Fue en ocasión que San Antonio se hallaba en Rímini, donde había una gran muchedumbre de herejes [cátaros]. Durante muchos días había tratado de conducirlos a la luz de la verdadera fe y al camino de la verdad, predicándoles y disputando con ellos sobre la fe de Jesucristo y de la Sagrada Escritura. Pero ellos no sólo no aceptaron sus santos razonamientos, sino que, endurecidos y obstinados, no quisieron ni siquiera escucharle; por lo que un día San Antonio, por divina inspiración, se dirigió a la desembocadura del río junto al mar y, colocándose en la orilla entre el mar y el río, comenzó a decir a los peces como predicándoles:
—Oíd la palabra de Dios, peces del mar y del río, ya que esos infieles herejes rehúsan escucharla.
No bien hubo dicho esto, acudió inmediatamente hacia él, en la orilla, tanta muchedumbre de peces grandes, pequeños y medianos como jamás se habían visto, en tan gran número, en todo aquel mar ni en el río. Y todos, con la cabeza fuera del agua, estaban atentos mirando al rostro de San Antonio con gran calma, mansedumbre y orden: en primer término, cerca de la orilla, los más diminutos; detrás, los de tamaño medio, y más adentro, donde la profundidad era mayor, los peces mayores. Cuando todos los peces se hubieron colocado en ese orden y en esa disposición, comenzó San Antonio a predicar solemnemente, diciéndoles:
—Peces hermanos míos: estáis muy obligados a dar gracias, según vuestra posibilidad, a vuestro Creador, que os ha dado tan noble elemento para vuestra habitación, porque tenéis a vuestro placer el agua dulce y el agua salada; os ha dado muchos refugios para esquivar las tempestades. Os ha dado, además, el elemento claro y transparente, y alimento con que sustentaros. Y Dios, vuestro creador cortés y benigno, cuando os creó, os puso el mandato de crecer y multiplicaros y os dio su bendición. Después, al sobrevenir el diluvio universal, todos los demás animales murieron; sólo a vosotros os conservó sin daño. Por añadidura, os ha dado las aletas para poder ir a donde os agrada. A vosotros fue encomendado, por disposición de Dios, poner a salvo al profeta Jonás, echándolo a tierra después de tres días sano y salvo. Vosotros ofrecisteis el censo a nuestro Señor Jesucristo cuando, pobre como era, no venía con qué pagar. Después servisteis de alimento al rey eterno Jesucristo, por misterio singular, antes y después de la resurrección. Por todo ello estáis muy obligados a alabar y bendecir a Dios, que os ha hecho objeto de tantos beneficios, más que a las demás creaturas.
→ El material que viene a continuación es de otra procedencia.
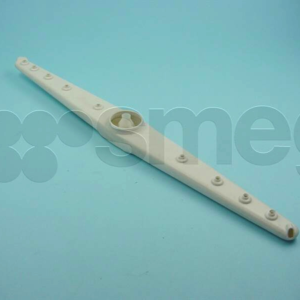 BRACCIO IRRORATORE SUPERIORE LAVASTOVIGLIE SMEG ORIGINALE 764570019 - immagine 1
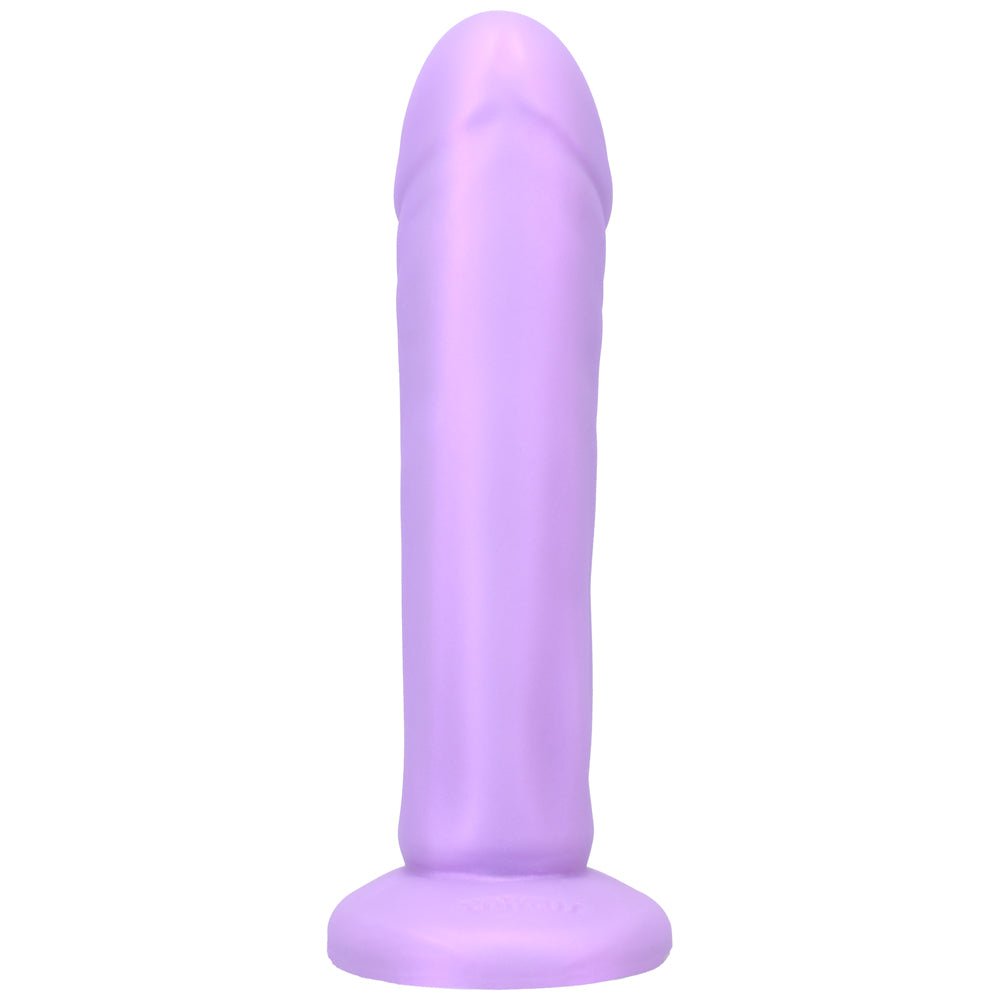 Tantus Vamp Dildo Lavender - Image 2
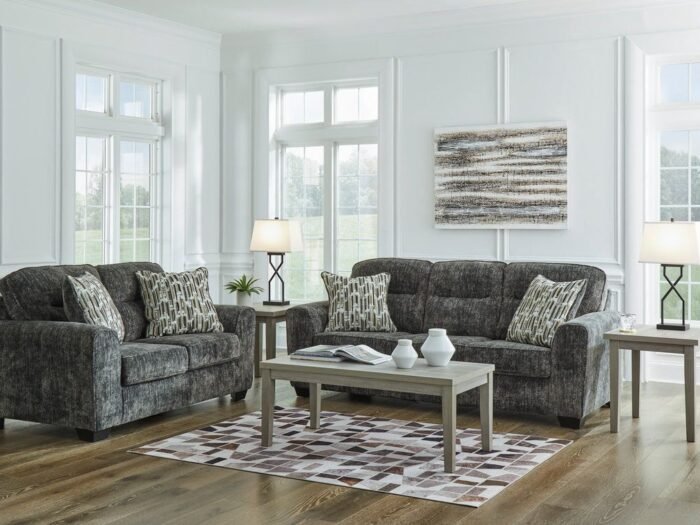 Ashley 505 -04 Sofá & Loveseat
A estas y semejantes palabras y enseñanzas de San Antonio, comenzaron los peces a abrir la boca e inclinar la cabeza, alabando a Dios con esos y otros gestos de reverencia. Entonces, San Antonio, a la vista de tanta reverencia de los peces hacia Dios, su creador, lleno de alegría de espíritu, dijo en alta voz:
—Bendito sea el eterno Dios, porque los peces de las aguas le honran más que los hombres herejes, y los animales irracionales escuchan su palabra mejor que los hombres infieles.
Y cuanto más predicaba San Antonio, más crecía la muchedumbre de peces, sin que ninguno se marchara del lugar que había ocupado.
Ante semejante milagro comenzó a acudir el pueblo de la ciudad, y vinieron también los dichos herejes; viendo éstos un milagro tan maravilloso y manifiesto, cayeron de rodillas a los pies de San Antonio con el corazón compungido, dispuestos a escuchar la predicación. Entonces, San Antonio comenzó a predicar sobre la fe católica; y lo hizo con tanta nobleza, que convirtió a todos aquellos herejes y los hizo volver a la verdadera fe de Jesucristo; y todos los fieles quedaron confortados y fortalecidos en la fe. Hecho esto, San Antonio licenció a los peces con la bendición de Dios y todos partieron con admirables demostraciones de alegría; lo mismo hizo el pueblo.
Después, San Antonio se detuvo en Rímini muchos días, predicando y haciendo fruto espiritual en las almas.
En alabanza de Cristo. Amén.
Florecillas de San Francisco de Asís, capítulo XL.